References
Shape parameters are \(a\) and \(b\), which define the truncation interval \([a, b]\).
We assume \(a \lt b\).
Let \(\phi(x)\) and \(\Phi(x)\) the PDF and CDF, respectively, of the standard normal distribution. Let \(\bar{\Phi}(x)\) be the complementary CDF of the standard normal function. This function, also known as the survival function, is \(1 - \Phi(x)\).

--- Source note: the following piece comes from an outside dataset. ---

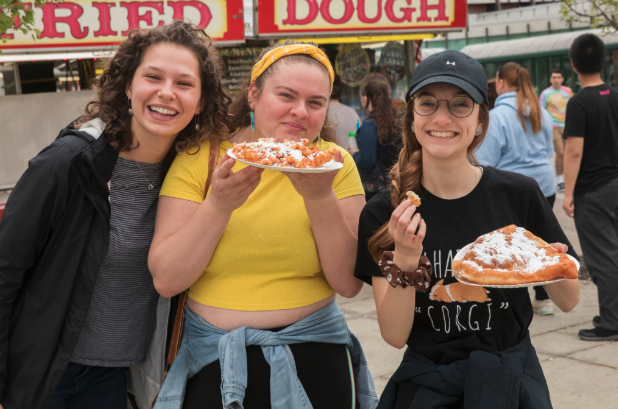Students at Spring Fling with fried dough.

For future reference, \begin{equation} \phi(x) = \frac{1}{\sqrt{2\pi}}e^{-\frac{x^2}{2}} \label{eq:phi} \end{equation} \begin{align} \Phi(x) &= \frac{1}{2} \left[1 + \textrm{erf}\left(\frac{x}{\sqrt{2}}\right)\right] \\ &= 1 - \frac{1}{2}\textrm{erfc}\left(\frac{x}{\sqrt{2}}\right) \end{align} \begin{align} \bar{\Phi}(x) &= \frac{1}{2} \left[1 - \textrm{erf}\left(\frac{x}{\sqrt{2}}\right)\right] \\ &= \frac{1}{2}\textrm{erfc}\left(\frac{x}{\sqrt{2}}\right) \end{align} where \(\textrm{erf}(x)\) is the error function, and \(\textrm{erfc}\) is the complementary error function, \(\textrm{erfc}(x) = 1 - \textrm{erf}(x)\). We will also use the scaled complementary error function \(\textrm{erfcx}(x)\), \begin{equation} \textrm{erfcx}(x) = e^{x^2}\textrm{erfc}(x) \end{equation}
We will frequently use the expression \(\Phi(b) - \Phi(a)\) (and several other mathematically equivalent expressions), so for convenience, define \begin{equation} \Delta(a, b) = \Phi(b) - \Phi(a) = \bar{\Phi}(a) - \bar{\Phi}(b) \end{equation} \(\Delta(a, b)\) can be expressed many ways: \begin{align} \Delta(a, b) &= \frac{1}{2}\left(\textrm{erf}\left(\frac{b}{\sqrt{2}}\right) - \textrm{erf}\left(\frac{a}{\sqrt{2}}\right)\right) \\ &= \frac{1}{2}\left(\textrm{erfc}\left(\frac{a}{\sqrt{2}}\right) - \textrm{erfc}\left(\frac{b}{\sqrt{2}}\right)\right) \\ &= \frac{1}{2}\left( e^{-a^2/2}\textrm{erfcx}\left(\frac{a}{\sqrt{2}}\right) -e^{-b^2/2}\textrm{erfcx}\left(\frac{b}{\sqrt{2}}\right)\right) \\ &= \frac{1}{2}e^{-a^2/2}\left(\textrm{erfcx}\left(\frac{a}{\sqrt{2}}\right) -e^{(a^2-b^2)/2}\textrm{erfcx}\left(\frac{b}{\sqrt{2}}\right)\right) \\ &= \frac{1}{\sqrt{2\pi}}\int_a^b e^{-t^2/2}\,dt \label{eq:delta_integral} \end{align}
In the following formulas, \( a \le x \le b \) is assumed.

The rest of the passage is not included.